Audit-table monitoring
Query audit_logs for suspicious patterns:
-- Failed-login bursts per IP in the last hour
SELECT ip_address, COUNT(*) AS attempts
FROM IdentSphere.audit_logs
WHERE action = 'auth.login.failed'
AND created_at > now() - interval '1 hour'
GROUP BY ip_address
ORDER BY attempts DESC
LIMIT 20;
-- Successful logins from a never-before-seen IP for each user
SELECT actor_id, ip_address, MIN(created_at) AS first_seen
FROM IdentSphere.audit_logs
WHERE action = 'auth.login' AND status = 'success'
GROUP BY actor_id, ip_address
HAVING MIN(created_at) > now() - interval '1 day';
-- MFA disables
SELECT *
FROM IdentSphere.audit_logs
WHERE action = 'auth.mfa.disabled'
AND created_at > now() - interval '1 day';
Send these to a SIEM (Splunk, ELK, Datadog) for real-time alerting.
Health endpoints
The SDK doesn't ship a /health endpoint by default; add your own that
checks SELECT 1 against the DB and pings the session cache:
async fn health(State(state): State<AppState>) -> StatusCode {
let db_ok = state.db.ping().await.is_ok();
let cache_ok = state.session_cache.get("health").await.is_ok();
if db_ok && cache_ok { StatusCode::OK } else { StatusCode::SERVICE_UNAVAILABLE }
}
Wire it into your Kubernetes / load-balancer health checks.
Tracing
OpenTelemetry support via tracing-opentelemetry:
use opentelemetry::trace::TracerProvider;
use tracing_subscriber::layer::SubscriberExt;
let tracer = opentelemetry_otlp::new_pipeline()
.tracing()
.with_exporter(opentelemetry_otlp::new_exporter().tonic())
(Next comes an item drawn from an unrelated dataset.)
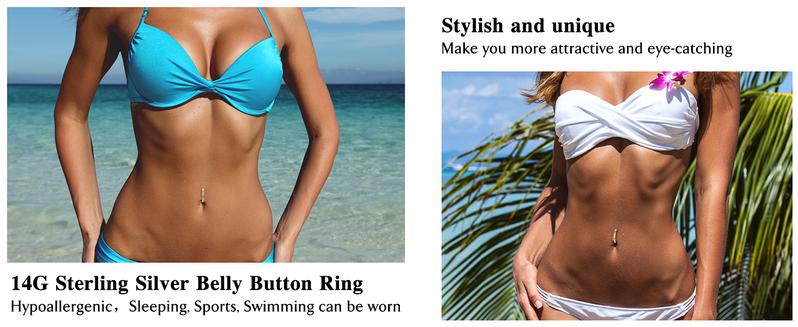 Sanfenly 14G Belly Button Rings for Women 925 Sterling Silver Hypoallergenic Clicker Belly Button Ring Cubic Zirconia Paved Reverse Hoop Belly Rings Body Belly Piercing Jewelry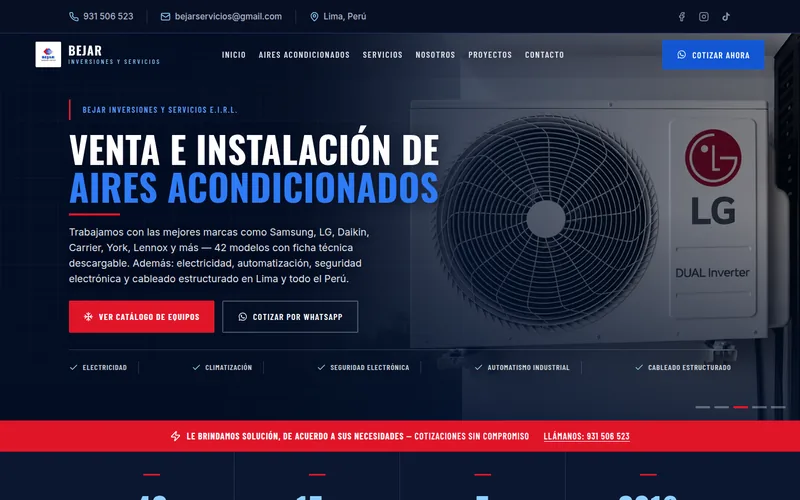 Página de inicio de Bejar Servicios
.install_batch(opentelemetry_sdk::runtime::Tokio)?;
tracing_subscriber::registry()
.with(tracing_subscriber::fmt::layer())
.with(tracing_opentelemetry::layer().with_tracer(tracer))
.init();
Now every Axum request produces a span with route + status + latency.
Backup verification
A backup you haven't restored is a backup that doesn't exist. Quarterly:
- Spin up a fresh Postgres instance.
- Restore the most recent backup.
- Run
identsphere migrate status— it should report "up to date." - Run a SELECT against
IdentSphere.usersto confirm the row count matches production.